Um hebreu entendia por “Lei” todo o conjunto das obras que Jahvé fizera para libertar o seu povo e consagrá-lo. A formulação do Decálogo, por exemplo, está estritamente ligada e é dependente das ações de Deus, tanto contra os Egípcios, quanto em favor de Israel; assim, por exemplo o fato de acompanhar o povo deserto adentro, a Sua providência nos momentos de maior dificuldade, etc. Tudo isso entrava no conjunto da ideia de “Lei” de Deus. Palavras e ações de Deus formam, na Escritura, uma só realidade. As “Palavras” que Jahvé deixou codificadas, especialmente nos livros de Êxodo, Levítico e Deuteronômio, indicavam o caminho a ser percorrido para que todo o povo de Israel pudesse se transformar num povo consagrado: «Se ouvirdes a minha voz e guardardes a minha aliança, então, sereis a minha propriedade peculiar dentre todos os povos, sereis reino de sacerdotes e nação santa» (Ex 19,5).

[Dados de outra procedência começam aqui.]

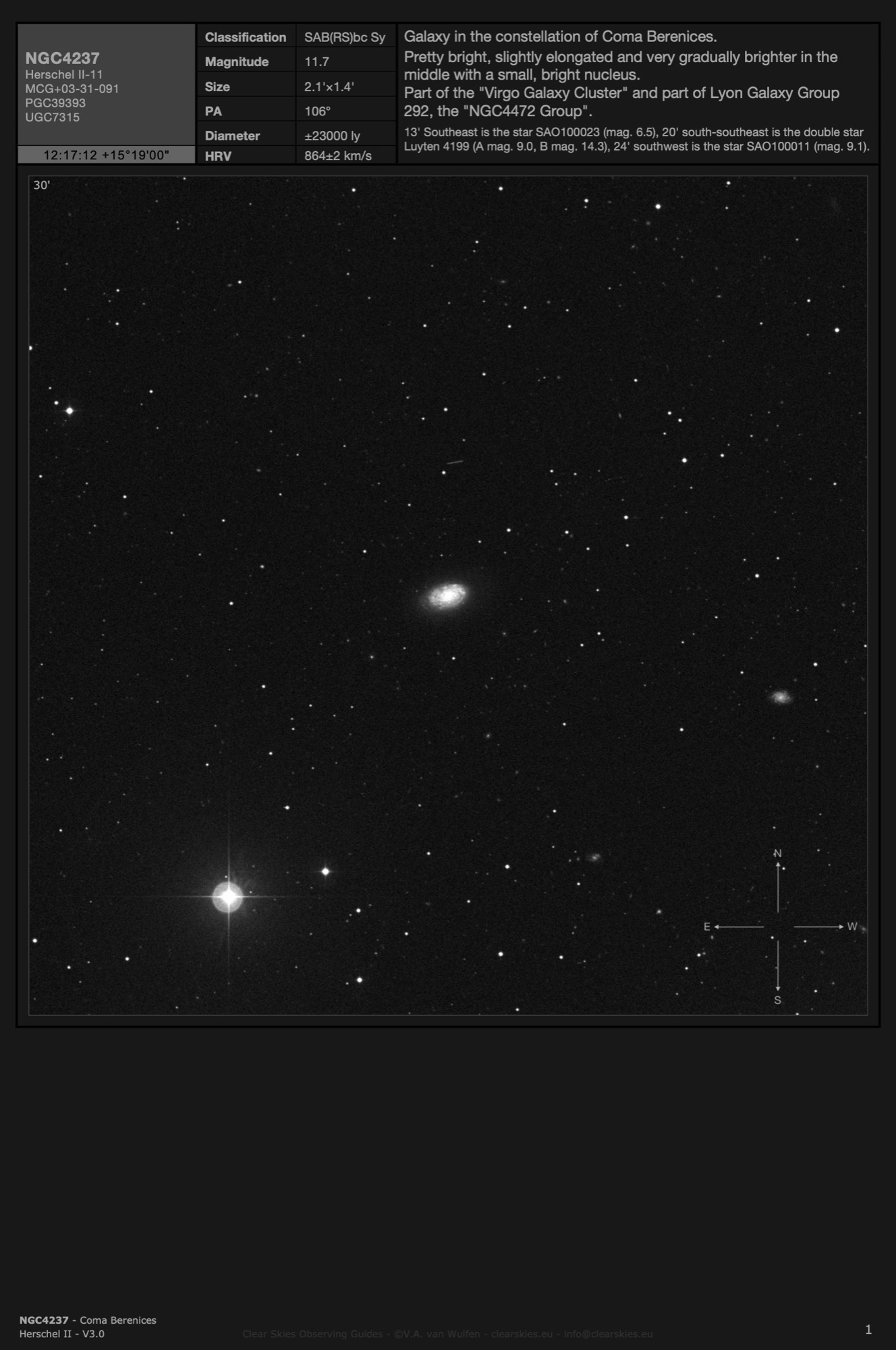 Galaxy NGC4237 in Coma Berenices Galaxy NGC4237 in Coma Berenices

Outro aspecto do agir de Deus é chamado (na Escritura) “consagração”. Com isso se entende (falando de maneira genérica) o fato de “ser” e “se sentir” propriedade exclusiva de Deus. O inteiro processo pelo qual o Espírito conduz alguém a estar em profunda sintonia com Deus, de ter uma relação única, é chamado “consagração”. A consagração permitiria a Israel também agir “como Deus agiria” e, assim sendo, mostrar às nações o verdadeiro “nome” de Deus. Entendida desse modo, a “consagração” indicava como que a condição prévia, necessária, para que Israel pudesse realmente servir a Deus. O serviço autêntico seria justamente a “consagração”. Tal consagração era expressa pelo mais antigo “creio” de Israel, com esta fórmula: «Eu serei o vosso Deus, e vós sereis o meu povo» (Lev 26,12).
Realmente, o ato de consagração carrega em si todo o potencial da missionariedade, pois, apenas quem mostra que Deus ocupa o centro de sua vida diz sem palavras o quanto vale Deus!
Com o tempo e com a progressiva perda do sentido originário do espírito da Lei, esta mesma lei se transformou numa série de regras e preceitos. De fato isso acontece com extrema frequência pois, em proporção a quando se perde o sentido das coisas, aumenta o número das regras e a sua minúcia. Na época de Jesus, a perda do espírito da Lei era tão grande que surgiu uma nova legislação feita pela interpretação que os rabinos davam da própria Lei. Havia quem dizia que a lei dos rabinos (615 “Mizvoth”, preceitos ou regras que proibiam uma ou outra coisa) era mais clara do que a própria Lei (Torah) e que apenas essa nova legislação era realmente eficaz para a consagração.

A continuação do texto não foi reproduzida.